I'm starting to think Robert Culp is an unappreciated actor. He's got an interesting presence, a kind of wounded machismo, like a tough guy who's gone on an inner journey and discovered his feminine side, and it scares him. In A Name For Evil, he never seems entirely comfortable, either in his skin or in his social role, but is always trying to hide and/or contain this discomfort.
Which means he's perfect as Bob in Bob & Carol & Ted & Alice, as a documentary filmmaker who, along with his wife Carol (Natalie Wood), finds himself transformed (or so he thinks) by a New Agey resort into a more open, honest, and loving human being. Meaning: he and his wife are open to having affairs without the attendant jealousy or anger. Culp is terrific; we never believe that he totally buys what he's learned at the resort, but rather that he believes he believes. When they rejoin their closest friends Ted (Elliott Gould) and Alice (Dyan Cannon) after the retreat, their new attitudes (everything is "beautiful" to them) clash with their friends' neuroses, setting into motion a series of seriocomic episodes and epiphanies.
I'm not sure that "seriocomic" is the right word here; that indicates to me an alternating sequence of serious and funny scenes. What Mazursky does, to his credit, is let the viewer decide what's funny and what isn't. There are very few straight gags or one-liners; instead, the film is structured into a handful of very long scenes, each filled with awkward moments between characters that shift instantaneously from painful to funny and back again, like a ray of dramatic light that changes from a tragic particle to comedy wave. It's emotional slapstick, watching Gould trying to get Cannon to have sex with him (she's upset upon learning about Culp's affair) or Culp as he bends over backward, against his natural instincts, to treat his wife's extramarital lover with kindness and respect.

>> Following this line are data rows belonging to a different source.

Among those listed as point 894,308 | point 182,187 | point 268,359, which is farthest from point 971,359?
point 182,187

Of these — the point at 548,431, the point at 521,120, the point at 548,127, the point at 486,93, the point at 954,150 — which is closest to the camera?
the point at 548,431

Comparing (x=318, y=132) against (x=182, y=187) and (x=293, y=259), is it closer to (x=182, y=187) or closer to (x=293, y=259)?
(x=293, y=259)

Make no mistake, however; this is definitely a Hollywood film. The ending, a rip of 8 1/2 that's a welcome departure from the naturalism of the previous hundred minutes, is also an attempt to leave on a positive note. The previous scene may have changed the relationships between the four characters for good, but we aren't privy to what those changes are, just an exhortation for the audience to find and hold onto love.
Yet while the film is a sitcom by Cassavetian standards (at times, it feels like a Hollywood reaction to Faces), it's arty and European by mainstream ones. I like how Mazursky sneaks in certain visuals from the resort (the group hugs, the beating of pillows, the intense eye contact) into this quartet's upper-class world. Interestingly, though (at least coming from the director of Down and Out in Beverly Hills), class isn't addressed here; these are rich people, with maids and giant swimming pools, and it doesn't seem like much is made of the fact that they have the money to be this self-indulgent.

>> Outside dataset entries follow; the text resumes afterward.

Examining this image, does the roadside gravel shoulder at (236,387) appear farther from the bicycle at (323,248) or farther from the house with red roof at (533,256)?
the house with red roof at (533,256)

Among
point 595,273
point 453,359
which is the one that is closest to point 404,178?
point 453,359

(Confidential to "M": Thanks for recommending this. It did help with the script, even though I gave up on that draft after three days. [That's another story.] It has exactly the right kind of tone I'm searching for and have yet to achieve. What was most interesting, of course, was that the character in Gould's story has the same name as my main character. That was a weird coincidence.)

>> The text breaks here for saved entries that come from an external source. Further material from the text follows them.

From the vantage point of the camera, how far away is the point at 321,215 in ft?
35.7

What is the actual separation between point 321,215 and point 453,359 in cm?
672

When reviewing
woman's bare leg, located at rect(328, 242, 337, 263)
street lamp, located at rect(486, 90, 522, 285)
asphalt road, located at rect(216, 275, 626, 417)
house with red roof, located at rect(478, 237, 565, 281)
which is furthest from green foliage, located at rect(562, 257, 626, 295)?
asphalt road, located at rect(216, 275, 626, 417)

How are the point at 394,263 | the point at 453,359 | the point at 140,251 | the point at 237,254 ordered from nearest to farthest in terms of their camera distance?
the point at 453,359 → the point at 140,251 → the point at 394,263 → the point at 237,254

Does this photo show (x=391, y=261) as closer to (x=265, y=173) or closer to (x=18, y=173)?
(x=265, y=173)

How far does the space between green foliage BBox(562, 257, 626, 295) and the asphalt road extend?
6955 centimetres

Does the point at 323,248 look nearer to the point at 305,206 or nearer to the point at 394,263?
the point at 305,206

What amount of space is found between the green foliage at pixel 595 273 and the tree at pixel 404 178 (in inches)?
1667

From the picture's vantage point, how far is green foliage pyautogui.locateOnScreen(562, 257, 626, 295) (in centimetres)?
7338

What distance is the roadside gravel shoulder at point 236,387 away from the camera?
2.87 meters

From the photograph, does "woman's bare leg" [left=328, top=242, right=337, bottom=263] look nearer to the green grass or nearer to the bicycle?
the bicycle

And this is how the message ran: Humans will try to destroy what they fear. Not the most original idea, but certainly interesting, perhaps even brave for a 50s SF flick. (Although, for my money, I'll take the same idea, expressed in two seconds, in Plan 9 From Outer Space: "You humans are stupid! Stupid!" says the alien leader, and is immediately decked by the lunkhead hero.) Too bad that, as a story, it's a bit blah; there's no character development, just the usual types (disbelieved scientist hero, disbelieving sheriff, faithful girlfriend) that probably seemed like clichés even then. This coupled, with the non-hostile aliens (the movie plays like a benign version of Invaders From Mars) creates a narrative that's all movement and nothing emotionally involving. But damn, what movement. Although it can't compare to Arnold's masterpiece, The Incredible Shrinking Man, nearly every shot is fantastic -- he and cinematographer Clifford Stine seem incapable of a bad composition. Using both real locations and sets, they manage to create the desert that exists mostly in the imagination, a landscape that is both Romanticized and alien, moon-like, not unlike what Ang Lee would later do in Hulk. A couple sequences, virtually wordless, turn his usual strong and pulpy style into poetry: the initial investigation of the meteor crash, revealing the spaceship, and the hero chasing after his girlfriend, who unbeknownst to him (but clear to us) has been replaced by an alien, as she attempts to lead him, siren-like, to his death. Arnold apparently made a few Westerns in his career, a genre that rewards those who find beauty in the rocks and cacti of the Southwest; I'm curious to discover if he was able to bridge the gap.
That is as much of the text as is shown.